** Work required **
What the task needs is the data below, written out verbatim.
[Start of Attachment]
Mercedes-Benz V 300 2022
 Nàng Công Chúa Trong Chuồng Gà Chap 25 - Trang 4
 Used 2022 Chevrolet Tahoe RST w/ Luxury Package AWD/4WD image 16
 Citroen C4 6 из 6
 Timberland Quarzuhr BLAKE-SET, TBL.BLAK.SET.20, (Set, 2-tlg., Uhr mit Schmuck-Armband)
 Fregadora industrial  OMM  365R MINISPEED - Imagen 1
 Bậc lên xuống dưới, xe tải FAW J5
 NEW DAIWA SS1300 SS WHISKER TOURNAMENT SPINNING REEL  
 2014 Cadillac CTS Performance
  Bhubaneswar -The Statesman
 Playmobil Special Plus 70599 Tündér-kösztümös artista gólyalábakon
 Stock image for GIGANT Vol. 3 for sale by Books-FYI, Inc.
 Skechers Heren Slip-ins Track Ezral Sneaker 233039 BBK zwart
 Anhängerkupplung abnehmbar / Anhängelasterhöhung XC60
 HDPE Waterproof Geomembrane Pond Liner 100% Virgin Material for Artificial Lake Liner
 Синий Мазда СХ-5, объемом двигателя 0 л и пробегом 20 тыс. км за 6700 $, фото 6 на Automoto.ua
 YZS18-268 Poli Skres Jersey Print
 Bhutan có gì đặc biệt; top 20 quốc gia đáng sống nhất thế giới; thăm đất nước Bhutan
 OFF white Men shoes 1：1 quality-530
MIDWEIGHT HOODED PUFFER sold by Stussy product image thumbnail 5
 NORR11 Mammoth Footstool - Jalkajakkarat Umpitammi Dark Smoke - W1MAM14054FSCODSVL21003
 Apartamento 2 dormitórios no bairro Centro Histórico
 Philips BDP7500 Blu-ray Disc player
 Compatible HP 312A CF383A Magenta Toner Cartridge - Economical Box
[End of Attachment]
** The answer **
Mercedes-Benz V 300 2022
 Nàng Công Chúa Trong Chuồng Gà Chap 25 - Trang 4
 Used 2022 Chevrolet Tahoe RST w/ Luxury Package AWD/4WD image 16
 Citroen C4 6 из 6
 Timberland Quarzuhr BLAKE-SET, TBL.BLAK.SET.20, (Set, 2-tlg., Uhr mit Schmuck-Armband)
 Fregadora industrial  OMM  365R MINISPEED - Imagen 1
 Bậc lên xuống dưới, xe tải FAW J5
 NEW DAIWA SS1300 SS WHISKER TOURNAMENT SPINNING REEL  
 2014 Cadillac CTS Performance
  Bhubaneswar -The Statesman
 Playmobil Special Plus 70599 Tündér-kösztümös artista gólyalábakon
 Stock image for GIGANT Vol. 3 for sale by Books-FYI, Inc.
 Skechers Heren Slip-ins Track Ezral Sneaker 233039 BBK zwart
 Anhängerkupplung abnehmbar / Anhängelasterhöhung XC60
 HDPE Waterproof Geomembrane Pond Liner 100% Virgin Material for Artificial Lake Liner
 Синий Мазда СХ-5, объемом двигателя 0 л и пробегом 20 тыс. км за 6700 $, фото 6 на Automoto.ua
 YZS18-268 Poli Skres Jersey Print
 Bhutan có gì đặc biệt; top 20 quốc gia đáng sống nhất thế giới; thăm đất nước Bhutan
 OFF white Men shoes 1：1 quality-530
MIDWEIGHT HOODED PUFFER sold by Stussy product image thumbnail 5
 NORR11 Mammoth Footstool - Jalkajakkarat Umpitammi Dark Smoke - W1MAM14054FSCODSVL21003
 Apartamento 2 dormitórios no bairro Centro Histórico
 Philips BDP7500 Blu-ray Disc player
 Compatible HP 312A CF383A Magenta Toner Cartridge - Economical Box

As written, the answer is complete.